Si avec les premières boites de jeu, l’inspiration du cinéma est très clairement visible, la dernière production, Soldats Inconnus (2014) d’Ubisoft ((Voir ma présentation : L’histoire de la guerre 14-18 racontée au travers d’un jeu vidéo | Serious-Game)) analysée par Olivier Glassey emprunte son univers à la bande dessinée. Est-ce une nouvelle tendance ? On pourrait le penser avec la production toute récente d’Apocalypse – 10 destins ((Voir mon billet Apocalypse 10 destins : un outil pédagogique guère nouveau)) qui se réfère au même univers de la bande dessinée.
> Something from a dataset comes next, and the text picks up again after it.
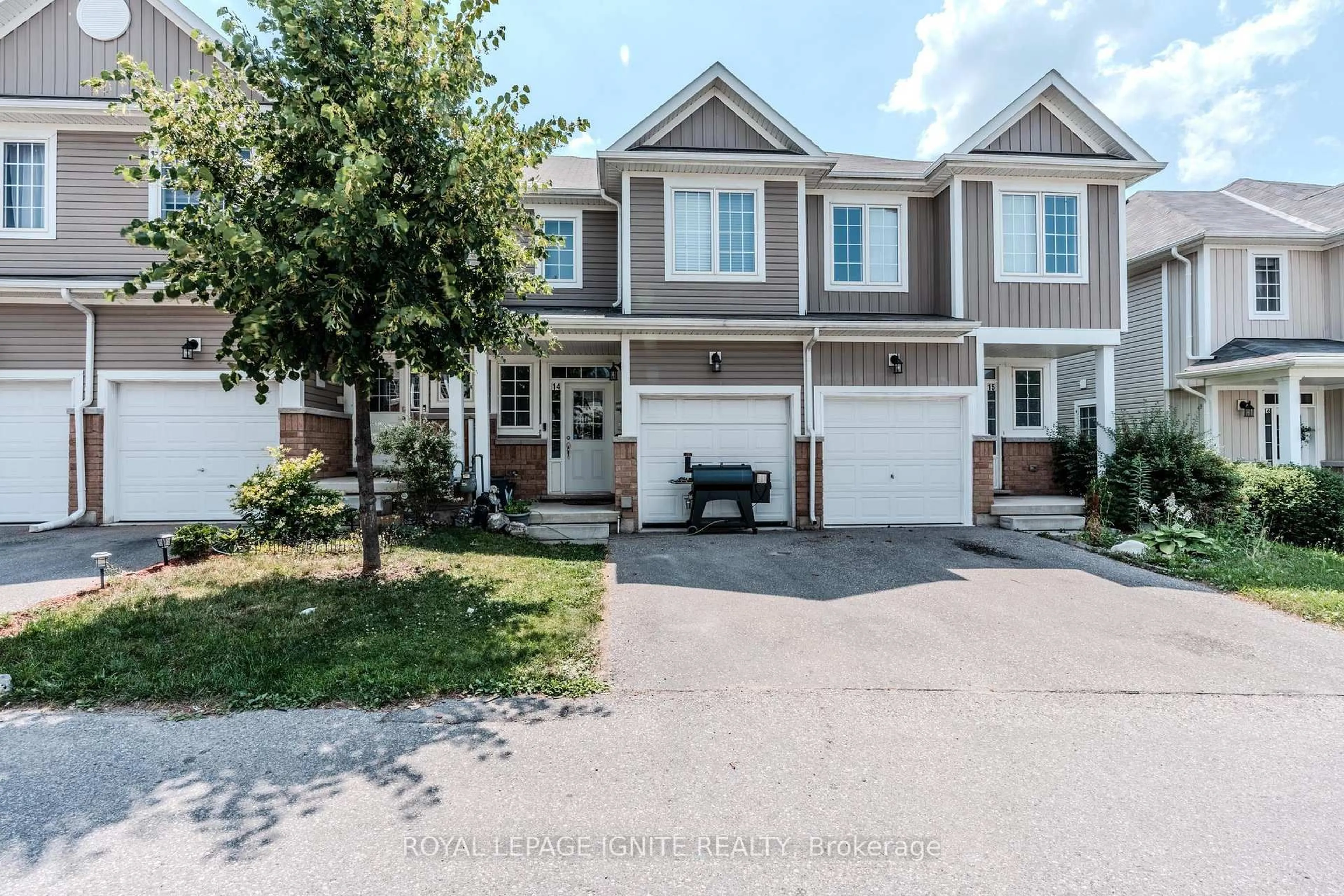 A pic from outside/outdoor area/front of a property/back of a property/a pic from drone, street for 21 Diana Ave #14, Brant Ontario N3T 0G7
Surprenantes au premier abord (univers de la bande dessinnée, choix d’un personnage), les similitudes entre un produit commercial (Soldats Inconnus. Mémoires de la Grande Guerre d’Ubisoft) et un produit à visée pédagogique (Apocalypse 10 destins de Canopé) trouvent rapidement une explication lorsqu’on lit l’extrait suivant d’un reportage de France 24 (Jeu vidéo : une plongée dans la Grande Guerre, France 24) :
« Pour concevoir cette aventure au cœur de la « Der des Ders », l’équipe du studio Ubisoft de Montpellier s’est entourée d’historiens et des réalisateurs du documentaire à succès « Apocalypse« , diffusé par France 2. Elle a également reçu l’appui du label national de la Mission centenaire. Même si leurs personnages sont fictifs, les concepteurs du jeu ont tenu à respecter scrupuleusement la véracité historique. »
L’interactivité fort décevante d’«Apocalypse 10 destins» ne manquera pas d’inciter les élèves à se rabattre vers son grand frère. On peut néanmoins s’interroger sur ces échanges de bons procédés entre partenaires publics et privés qui s’autopromovent entre eux, à l’exemple de la labélisation de «Soldats Inconnus» par la Mission centenaire.